» Your objective:
Would you write out the lines below exactly, from the one containing "Складной нож Trivisa" to the very last, but without the pictures?

» Information given:
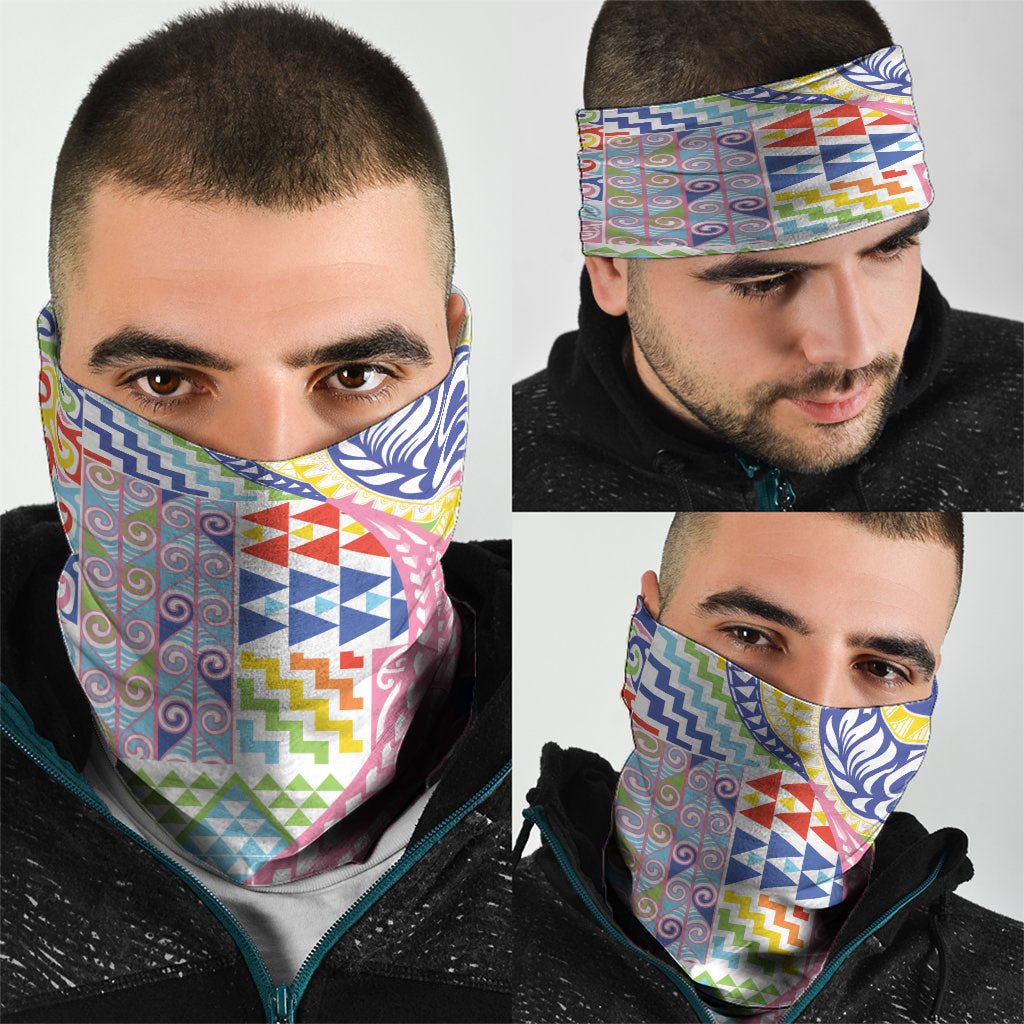 Maori Kowhaiwhai Taniko Patchwork Rainbow Motifs Neck Gaiter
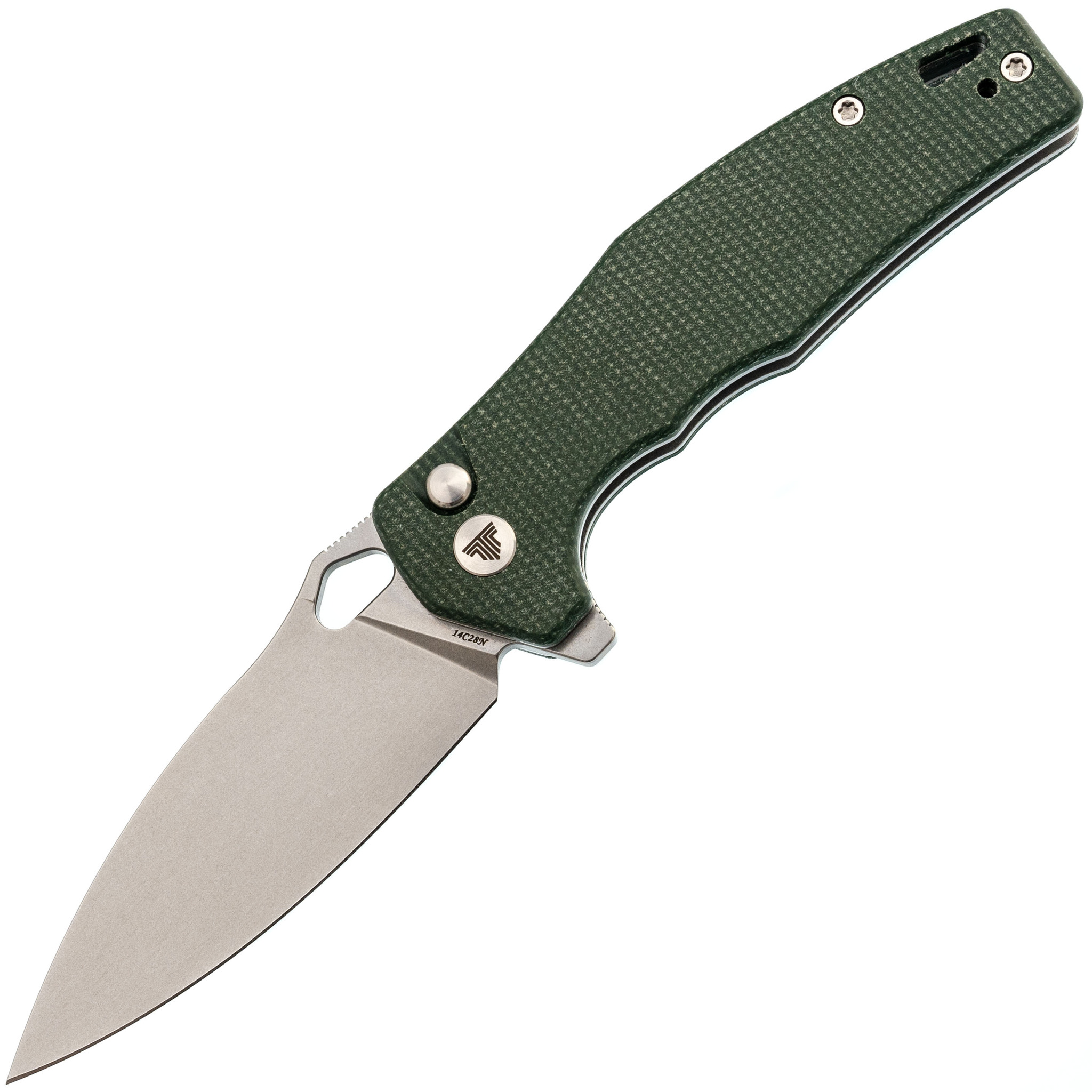 Складной нож Trivisa Corvus-04G, сталь 14C28N, рукоять микарта, зеленый, Бренды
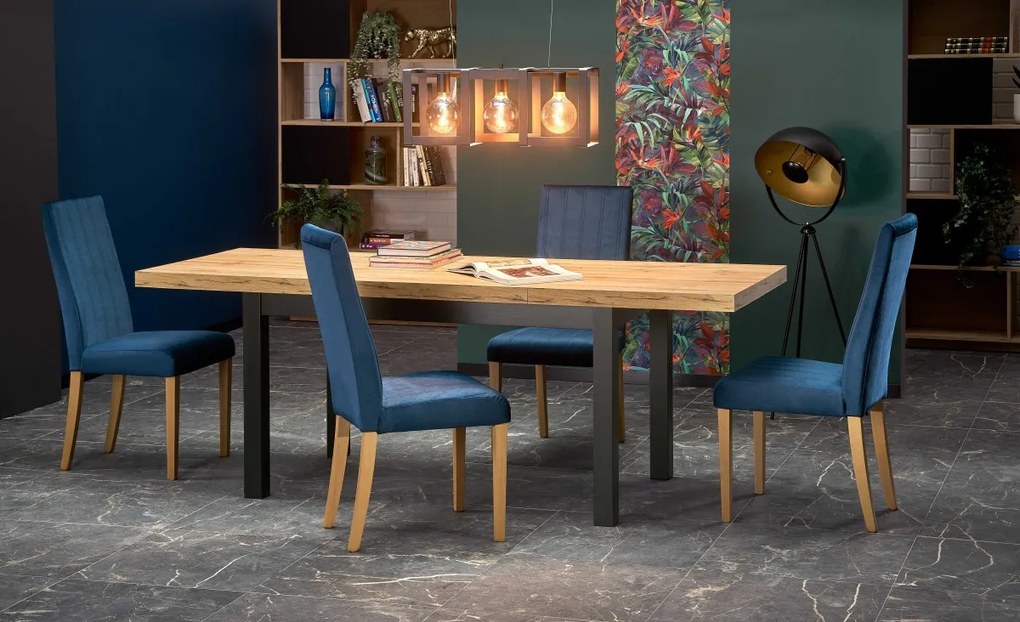 Jedálenský rozkladací stôl Tiaro 140/220 cm dub craft zlatý/čierny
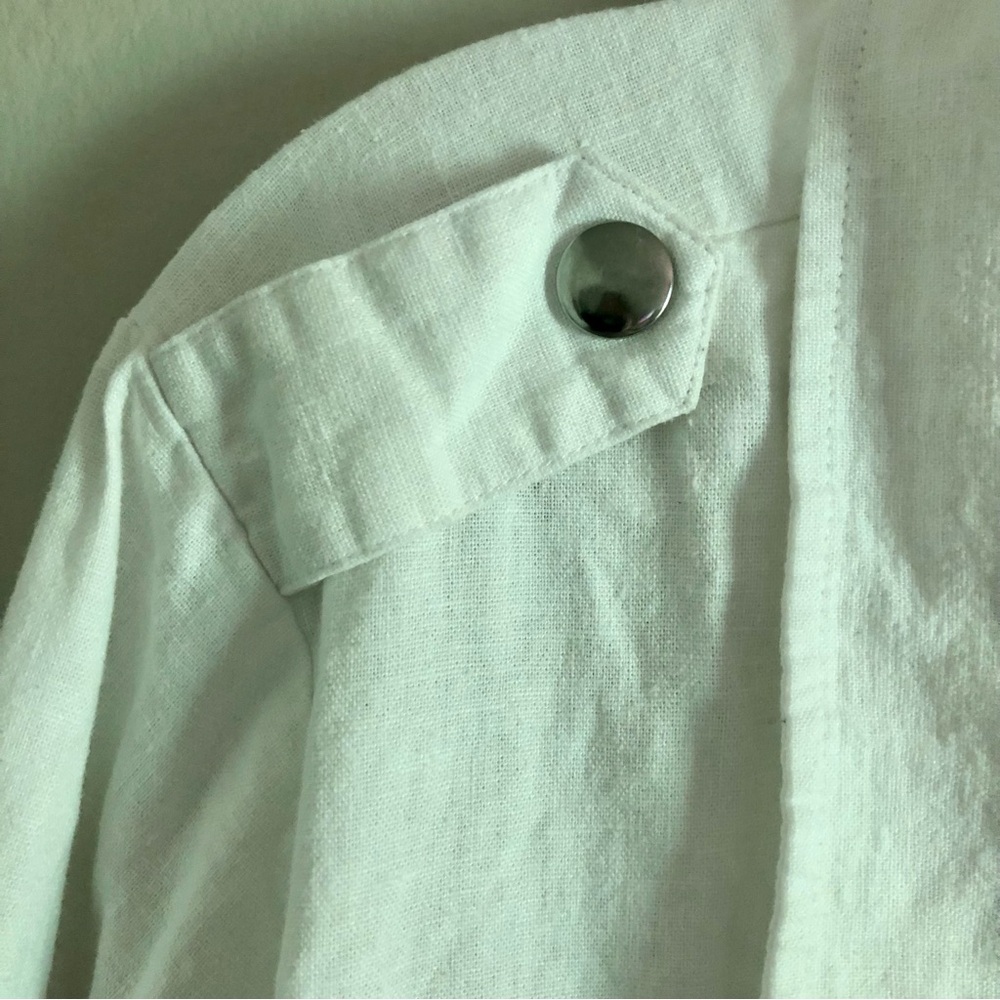 CJ Banks Plus Size White Linen Jacket - Picture 4 of 9
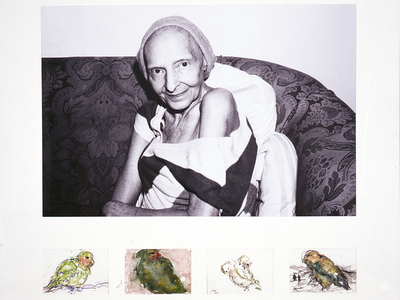 Photograph of older woman with head covering smiling at the camera, with small watercolor paintings of four birds below photograph.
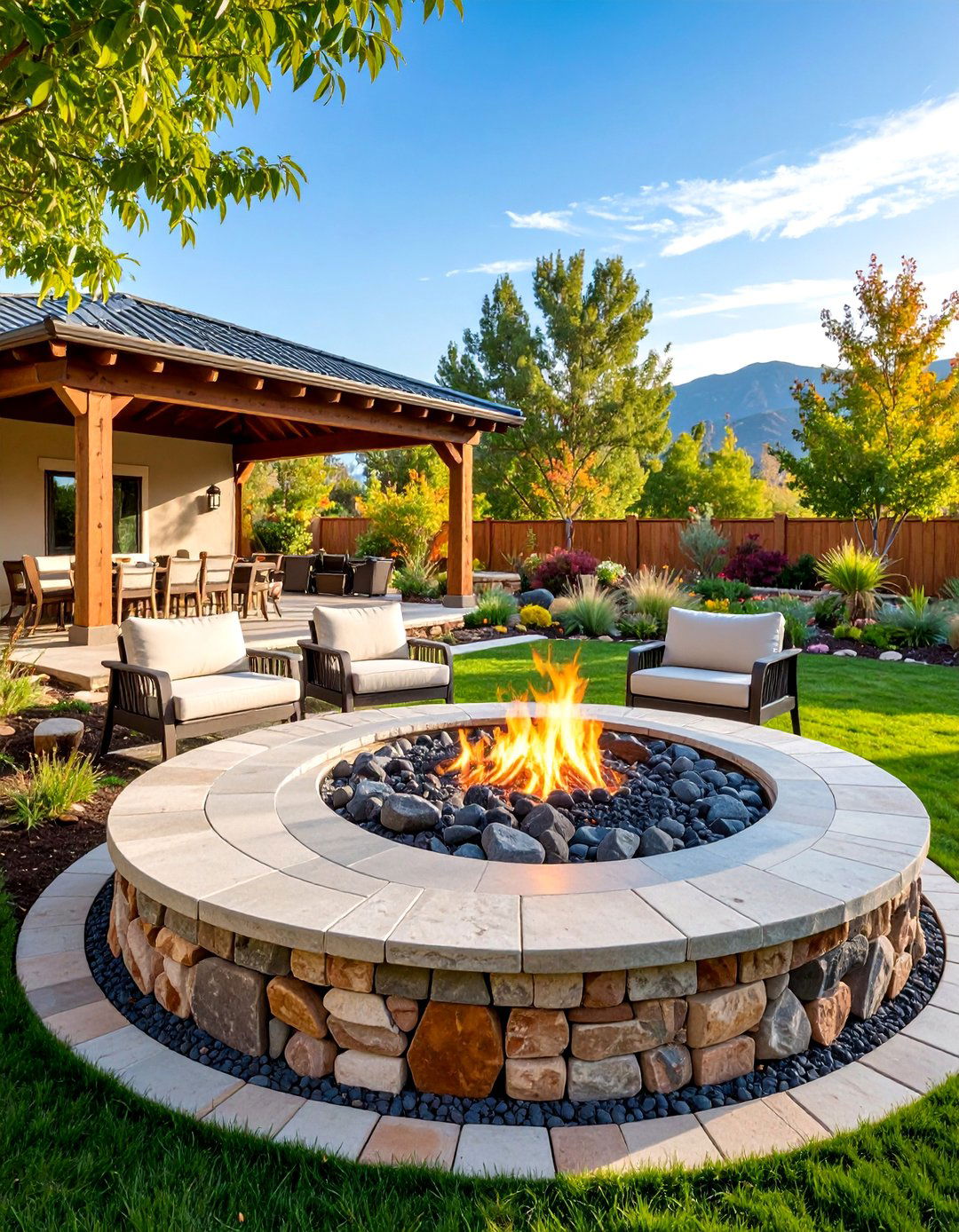 Truck Rim Fire Pit with Lava Rock Fire Bed - 25 Truck Rim Fire Pit Ideas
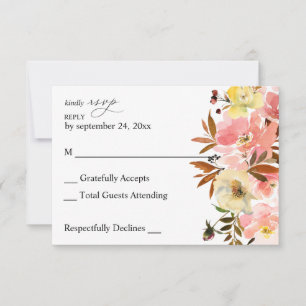 Candy Pink & Yellow Floral keine Mahlzeit RSVP-Kar RSVP Karte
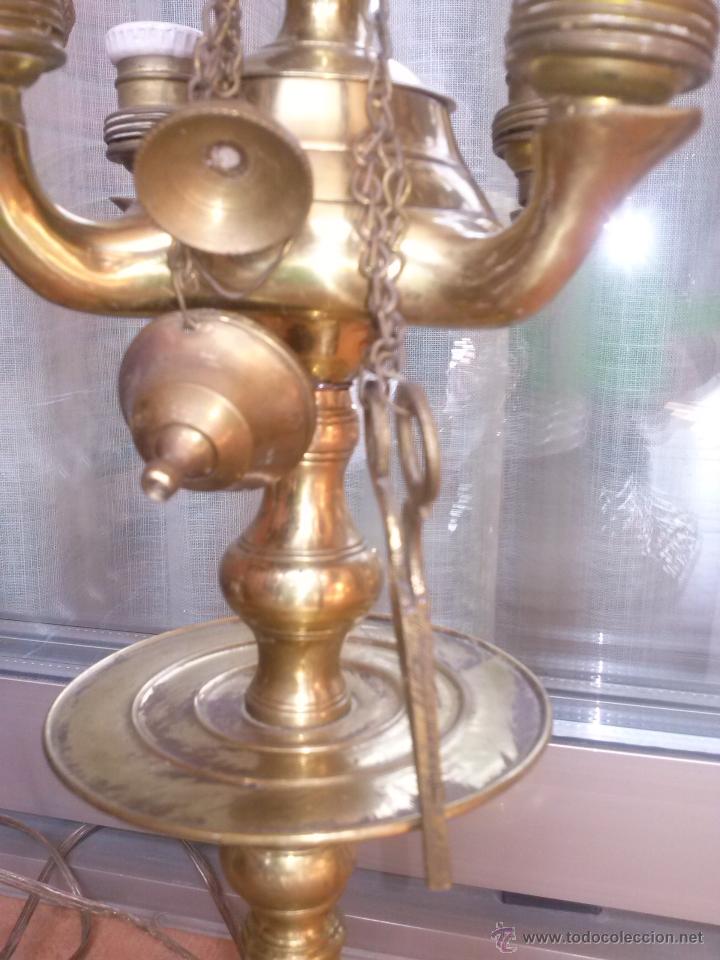 Antig&uuml;edades: antigua lampara electrificada, - Foto 3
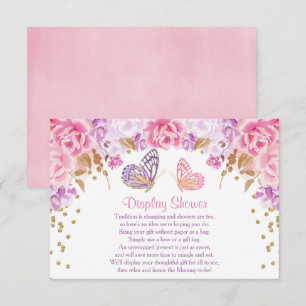 Inserções de chuveiro de borboleta rosa e dourado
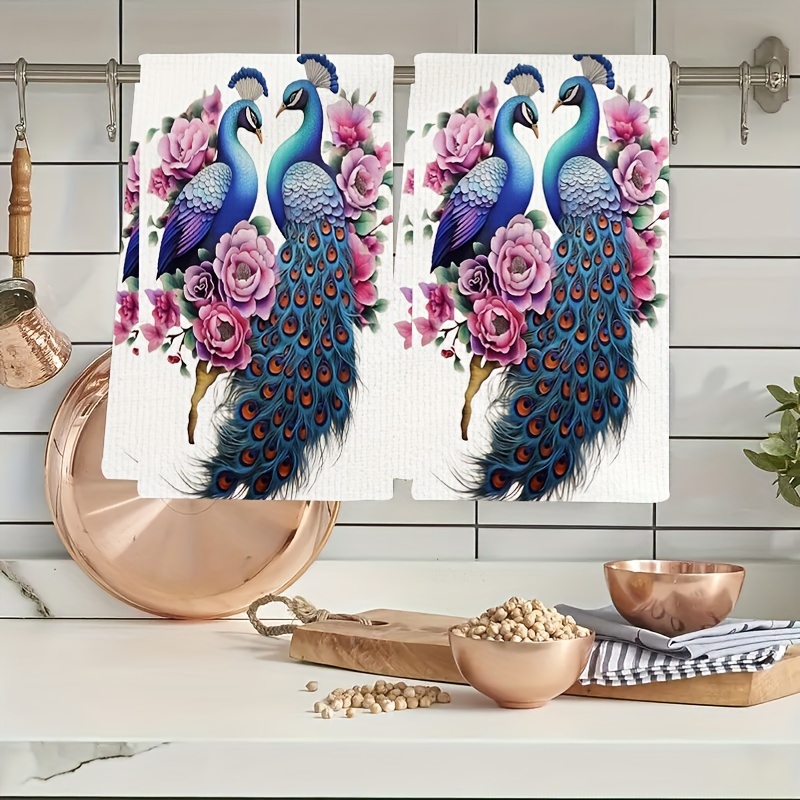 

2-piece Luxurious Peacock Print Hand Towels - Ultra Absorbent, Thick Polyester Kitchen & Bathroom Towels, Machine Washable, Modern Design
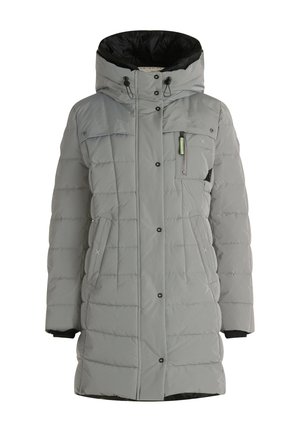 Grå pufferjakke med hætte, med frontlynlås og tryklås, flere lommer og kviltet tekstur. Foret med sort stof.
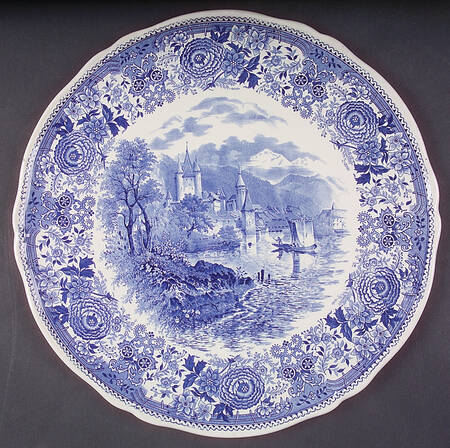 Burgenland Blue (Green Blue, Black Backstamp) Round Torte Plate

» Response:
 Складной нож Trivisa Corvus-04G, сталь 14C28N, рукоять микарта, зеленый, Бренды
 Jedálenský rozkladací stôl Tiaro 140/220 cm dub craft zlatý/čierny
 CJ Banks Plus Size White Linen Jacket - Picture 4 of 9
 Photograph of older woman with head covering smiling at the camera, with small watercolor paintings of four birds below photograph.
 Truck Rim Fire Pit with Lava Rock Fire Bed - 25 Truck Rim Fire Pit Ideas
 Candy Pink & Yellow Floral keine Mahlzeit RSVP-Kar RSVP Karte
 Antig&uuml;edades: antigua lampara electrificada, - Foto 3
 Inserções de chuveiro de borboleta rosa e dourado

2-piece Luxurious Peacock Print Hand Towels - Ultra Absorbent, Thick Polyester Kitchen & Bathroom Towels, Machine Washable, Modern Design
 Grå pufferjakke med hætte, med frontlynlås og tryklås, flere lommer og kviltet tekstur. Foret med sort stof.
 Burgenland Blue (Green Blue, Black Backstamp) Round Torte Plate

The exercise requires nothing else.